Stored items

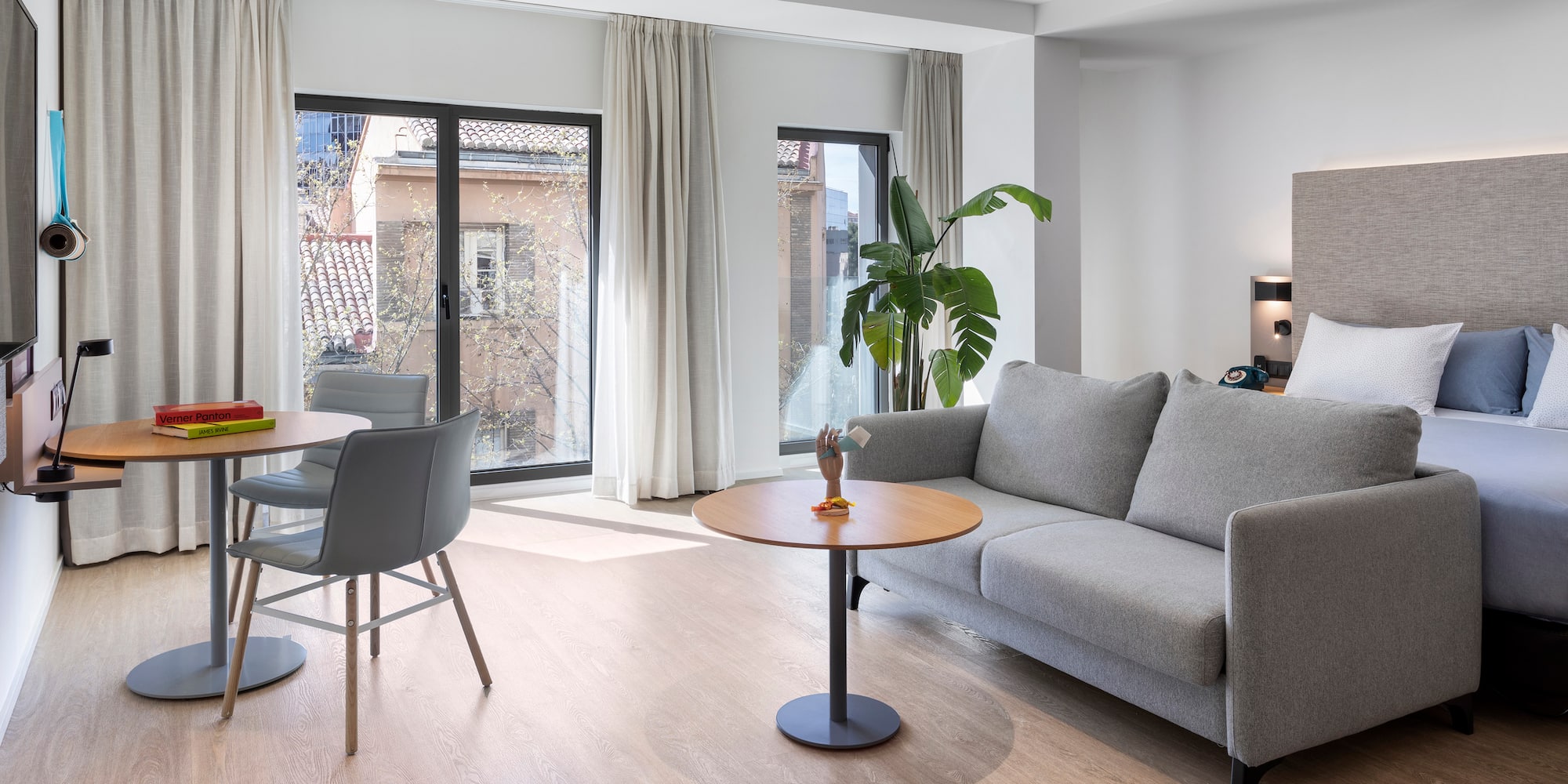 a living room with a couch and a table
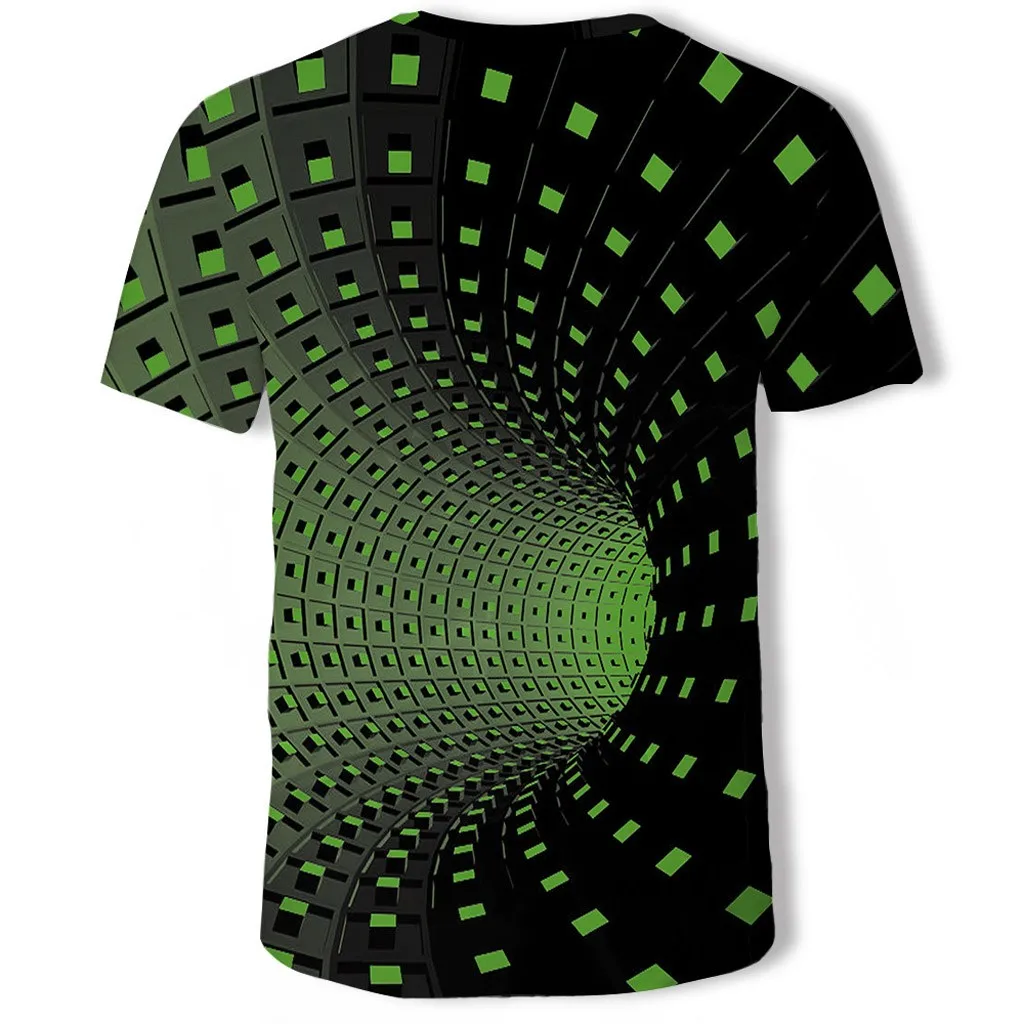 Colorful 3d Illusion Printing Men's T-shirt Funny T-shirt Black And ...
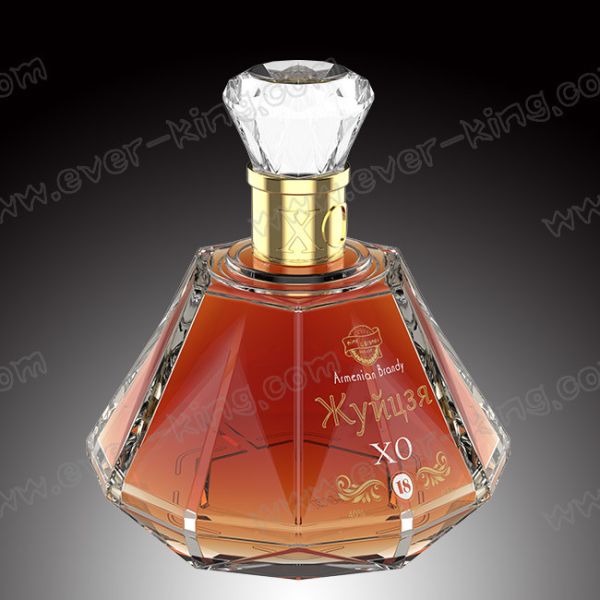 Custom Luxury Diamond Spirits Brandy Glass Bottle 700Ml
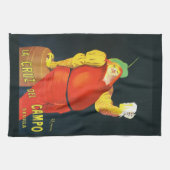 A Funny Fat Lady Drinking Beer キッチンタオル (横)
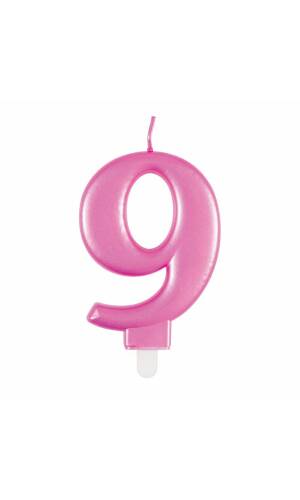 Metallic Pink Birthday Candle Number 9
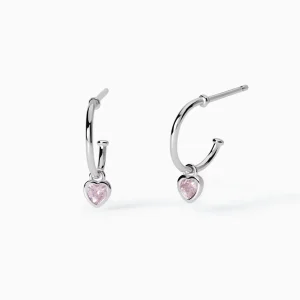 Hot Orecchini Bambina A Cerchio Pendente Cuore Rosa Gioielli | 563769 Gioielli Moda Bimbi
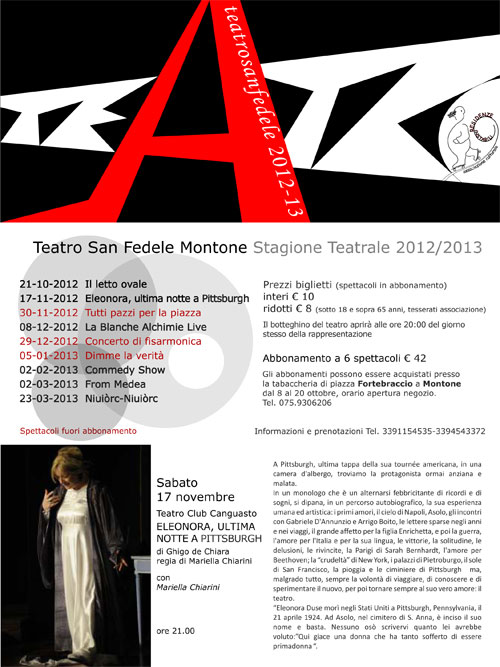 programma stagione teatrale sanfedele montone 2012 2013 montonein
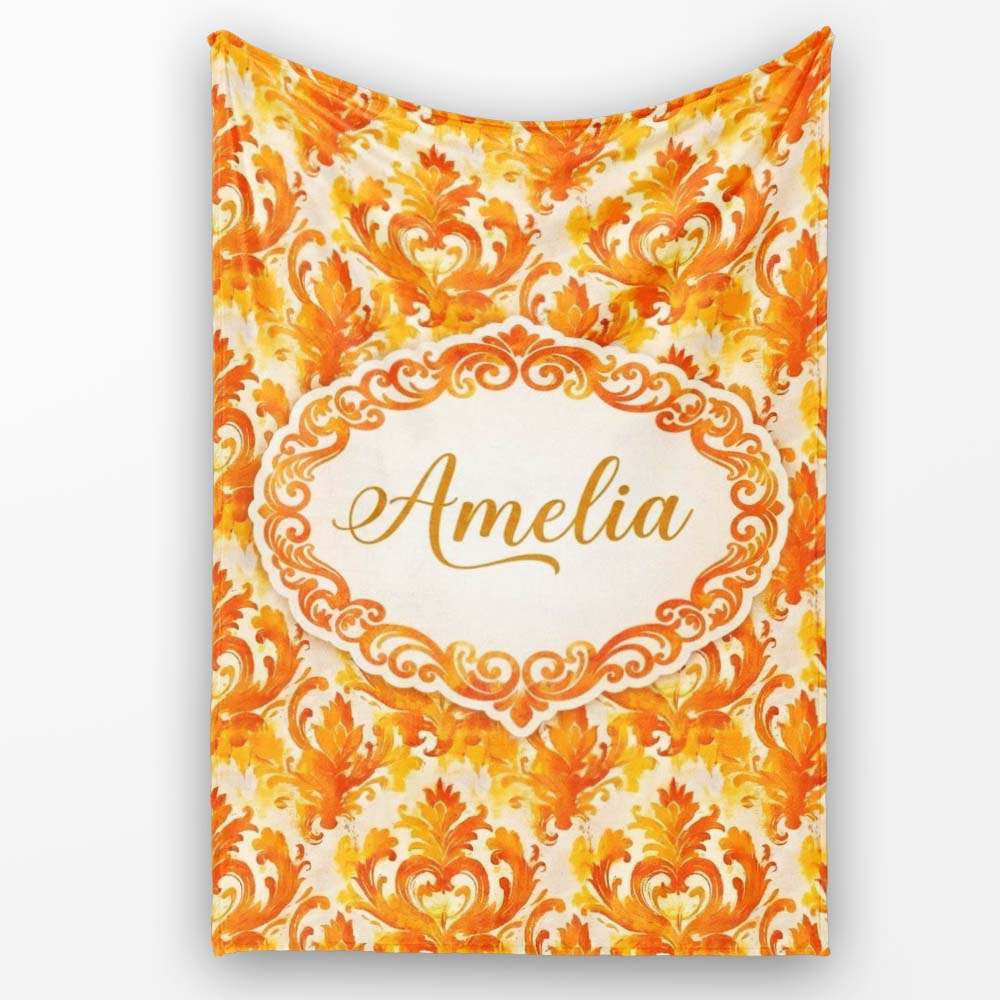 Bright Orange Damask Seamless Pattern Bold Artistic Ornamental Personalised Custom Name Super Soft Fleece Blanket Bed Sofa Throw
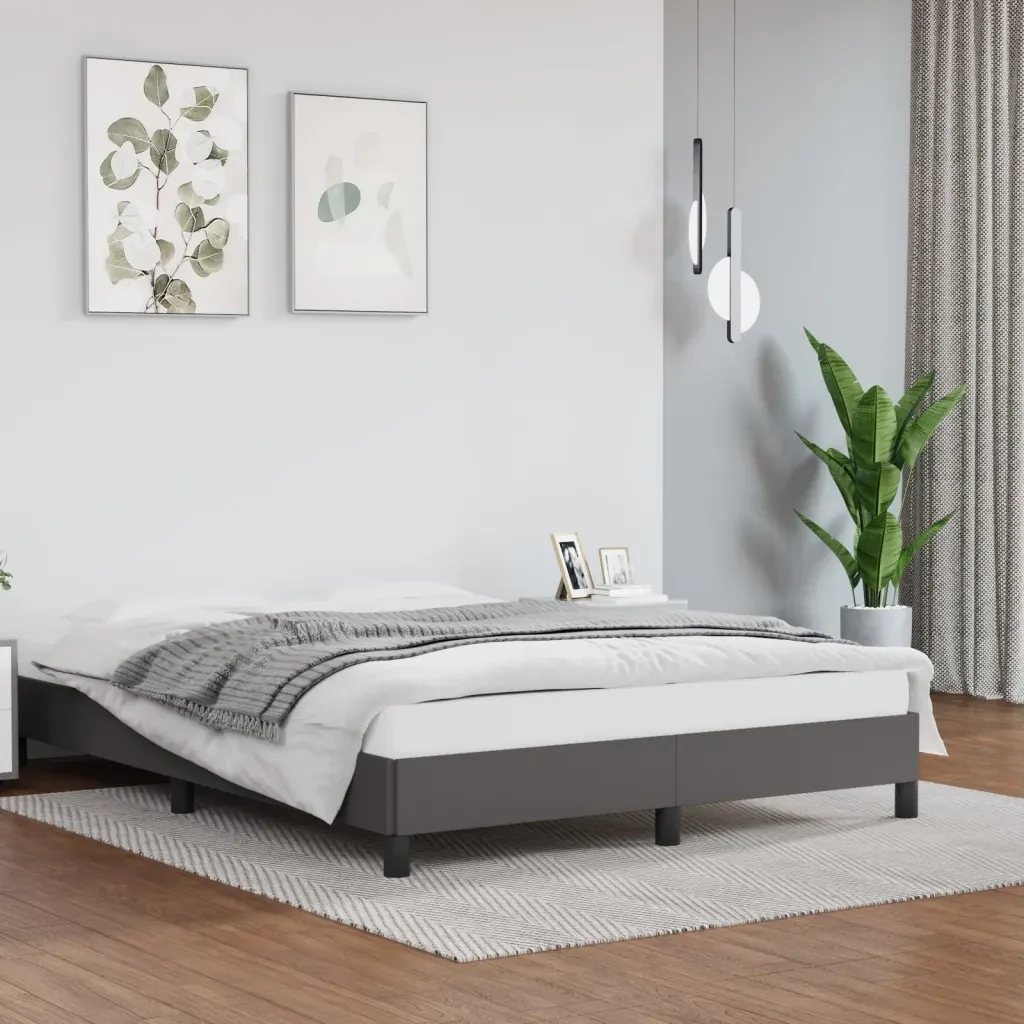 Letto matrimoniale | Letto per adulti | Giroletto Grigio 140x200 cm in Similpelle - Image 2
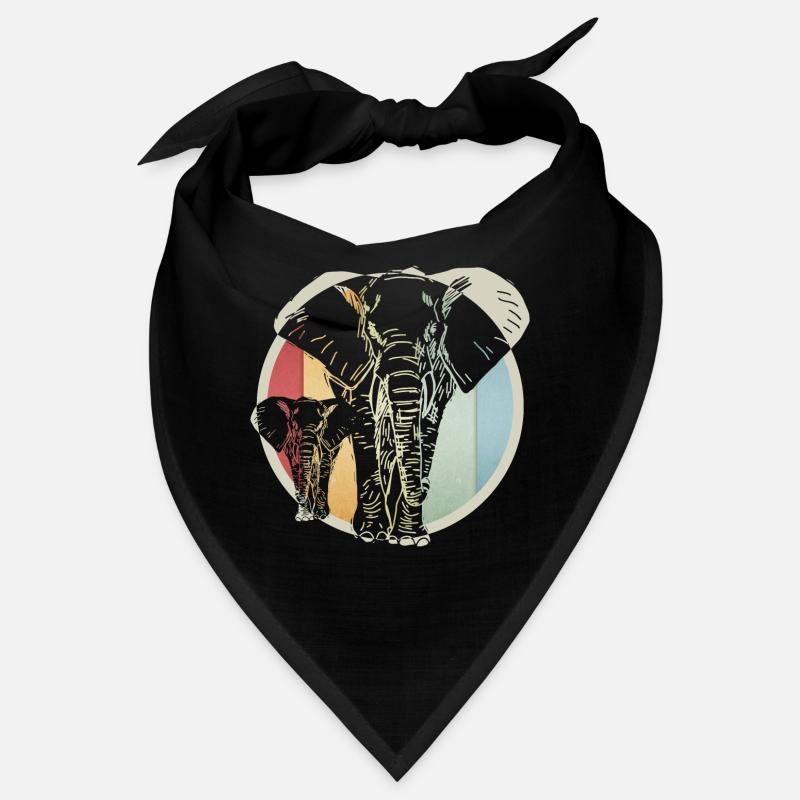 Colorful retro elephant Bandana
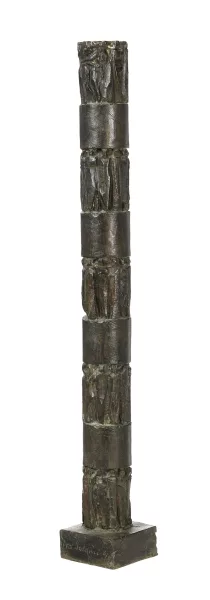 Ivo Soldini (1951) — Ivo Soldini (1951), Composition, sculpture en bronze à patine noire, signée et numérotée 3/5, h. 92 cm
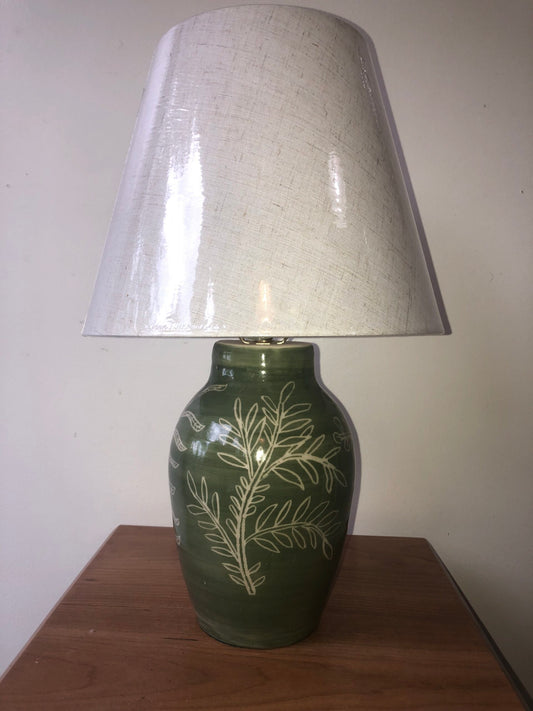 Mid Green Lamp with Etched Ferns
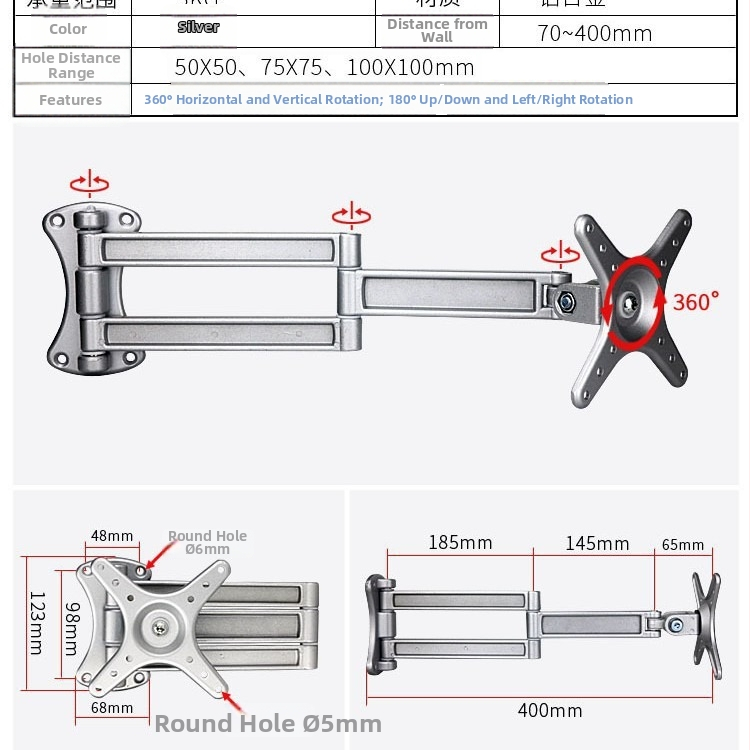 Univerzálny televízny držiak z hliníkovej zliatiny s nastaviteľným uhlom a teleskopickým ramenom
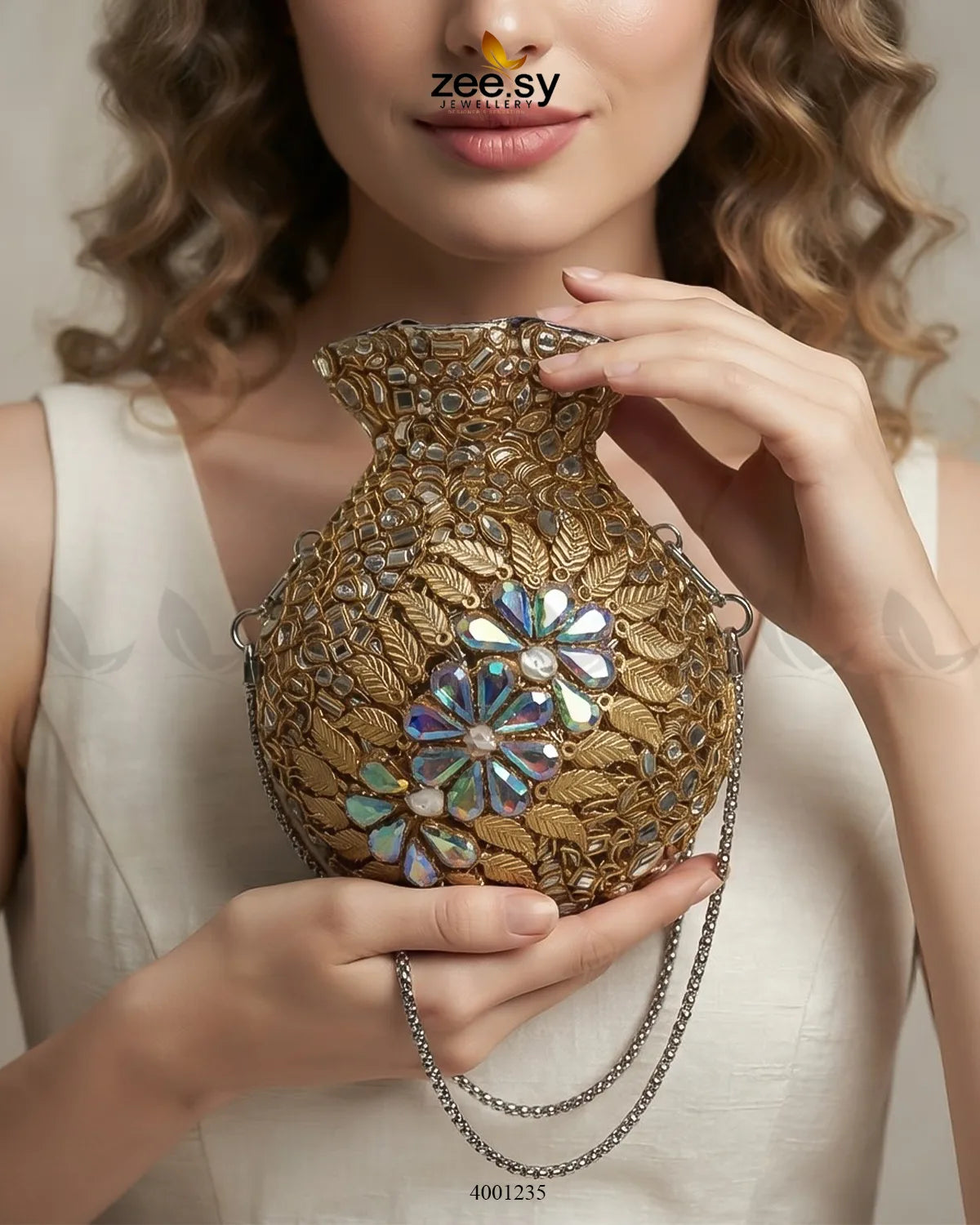 Regal Kundan Potli Clutch Bag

■ Task directions
The lines from the one with "Ivo Soldini (1951) —" to the end of the data above should be retyped exactly, both ends included, and pictures are to be left out.

■ Solution to this task
 Ivo Soldini (1951) — Ivo Soldini (1951), Composition, sculpture en bronze à patine noire, signée et numérotée 3/5, h. 92 cm
 Mid Green Lamp with Etched Ferns
 Univerzálny televízny držiak z hliníkovej zliatiny s nastaviteľným uhlom a teleskopickým ramenom
 Regal Kundan Potli Clutch Bag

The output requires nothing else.